Le knowledge management (ou KM) est souvent réduit à sa vision d’outil informatique de structuration des contenus, alors que si l’on revient à la traduction même, la gestion des savoirs n’est pas seulement le classement de la bibliothèque mais aussi la relation avec l’information et bien sur sa gestion proprement dite.
Dans un monde où l’information souffre d’une difficulté de visibilité avec la fameuse infobésité, trop d’informations tuent l’information, la relation à l’information prend un tout autre sens. Un des premier travaux du KM est de rendre visible l’information pertinente. C’est d’ailleurs l’occasion, de créer une nouvelle fonction, le knowledge designer. A cet égard, il est à rappeler cet exemple anecdotique, le New York Times avait rendu visible des informations des dons de campagne de Barak Obama, résultat son animation sur le financement a plus intéressé que les articles de fonds… le KM est un travail sur la forme au moins autant que le fonds.

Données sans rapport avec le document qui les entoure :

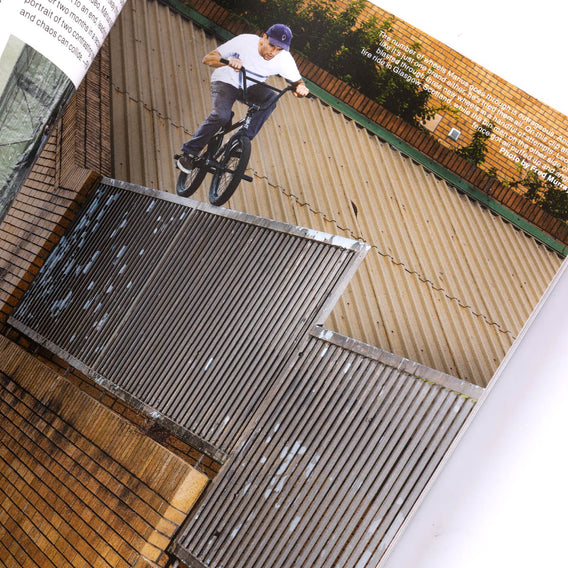 Dig BMX Magazine 2025 / 2026 Marius Dietsche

Mais, le knowledge est aussi une nouvelle relation aux usages avec par exemple la notion de réalité augmentée. L’homme augmenté peut profiter des capacités de stockage et d’alimentation de l’outil informatique dans une relation nouvelle interactive. Si classiquement l’homme alimente la machine, avec le web sémantique, la machine peut alimenter l’homme au-delà de ses demandes, c’est ce que l’on appelle les data mining ou données intelligentes. Cette relation nouvelle soulève de nombreuses interrogations particulièrement intéressantes.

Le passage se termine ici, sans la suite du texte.